The 19.0ppm average error for the whole-field average is three times
worse than Krig’s estimated error (6.08) and nearly
four times worse than IDW’s (5.24).
Comparing
the figures to the assumption that +/-10ppm is negligible in a fertilization
program it is readily apparent that the whole-field estimate is inappropriate
to use and that the accuracy differences between IDW and Krig
are minor.
The
Normalized error row simply
calculates the average error as a proportion of the average value for the test
set of samples (5.24/29.3= .18 for IDW).
This index is the most useful as it enables the comparison of the
relative map accuracies between different maps.
Generally speaking, maps with normalized errors of more than .30 are
suspect and one might not want to make important decisions using them.
The
bottom line is that Residual Analysis is an important consideration when
spatially interpolating data. Without an
understanding of the relative accuracy and interpolation error of the base
maps, one can’t be sure of any modeling results using the data. The investment in a few extra sampling points
for testing and residual analysis of these data provides a sound foundation for
site-specific management. Without it,
the process can become one of blind faith and wishful thinking.
4.2 Spatial
Data Mining
Spatial data mining involves procedures for uncovering
numerical relationships within and among sets of mapped data. The underlying concept links a map’s
geographic distribution to its corresponding numeric distribution through the
coordinates and map values stored at each location. This ‘data space’ and ‘geographic space’

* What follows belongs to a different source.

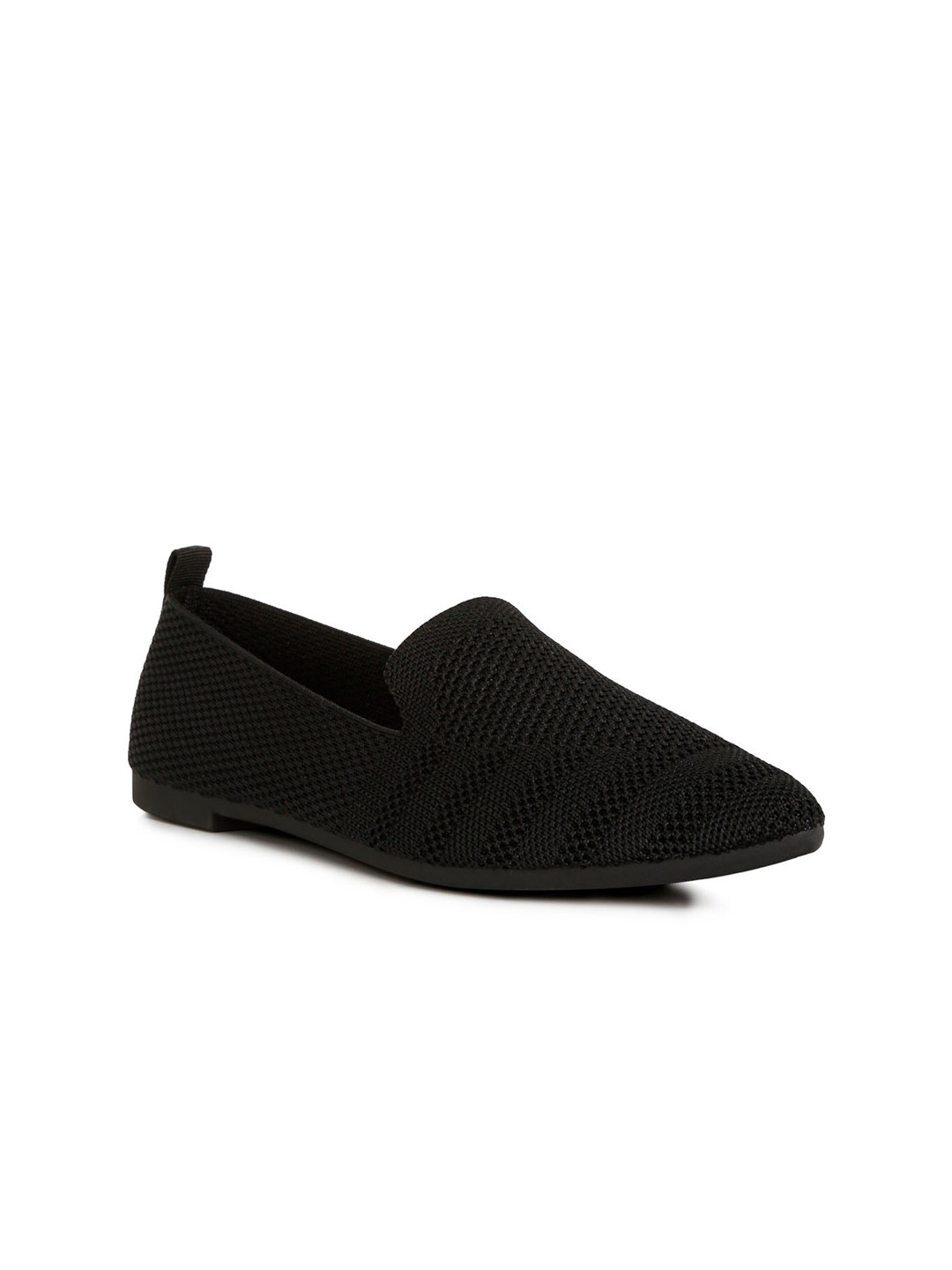 London Rag Women Textile Slip-On Loafers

linkage provides a framework for calculating map similarity, identifying data
zones, mapping data clusters, deriving prediction maps and refining analysis
techniques.
4.2.1 Calculating Map
Similarity
While visual analysis of
a set of maps might identify broad relationships, it takes quantitative map
analysis to handle a detailed scrutiny.
Consider the three maps shown in figure 4.2.1-1— what areas identify
similar patterns? If you focus your attention
on a location in the lower right portion how similar is the data pattern to all
of the other locations in the field?
Figure
4.2.1-1. Map surfaces identifying the
spatial distribution of P,K and N throughout a field.
The answers to these
questions are much too complex for visual analysis and certainly beyond the
geo-query and display procedures of standard desktop mapping packages. While the data in the example shows the
relative amounts of phosphorous, potassium and nitrogen throughout a field, it
could as easily be demographic data representing income, education and property
values; or sales data tracking three different products; or public health maps
representing different disease incidences; or crime statistics representing
different types of felonies or misdemeanors.
Regardless of the data
and application arena, a multivariate procedure for assessing similarity often
is used to analyze the relationships. In
visual analysis you move your eye among the maps to summarize the color
assignments at different locations. The
difficulty in this approach is two-fold— remembering the color patterns and
calculating the difference. The map
analysis procedure does the same thing except it uses map values in place of
the colors. In addition, the computer
doesn’t tire as easily and completes the comparison for all of the locations
throughout the map window (3289 in this example) in a couple of seconds.
The upper-left portion of
figure 4.2.1-2 illustrates capturing the data patterns of two locations for
comparison. The “data spear” at map
location 45column, 18row identifies that the P-level as 11.0ppm, the K-level as
177.0 and N-level as 32.9. This step is
analogous to your eye noting a color pattern of dark-red, dark-orange and
light-green. The other location for
comparison (32c, 62r) has a data pattern of P= 53.2, K= 412.0 and N= 27.9; or
as your eye sees it, a color pattern of dark-green, dark-green and yellow.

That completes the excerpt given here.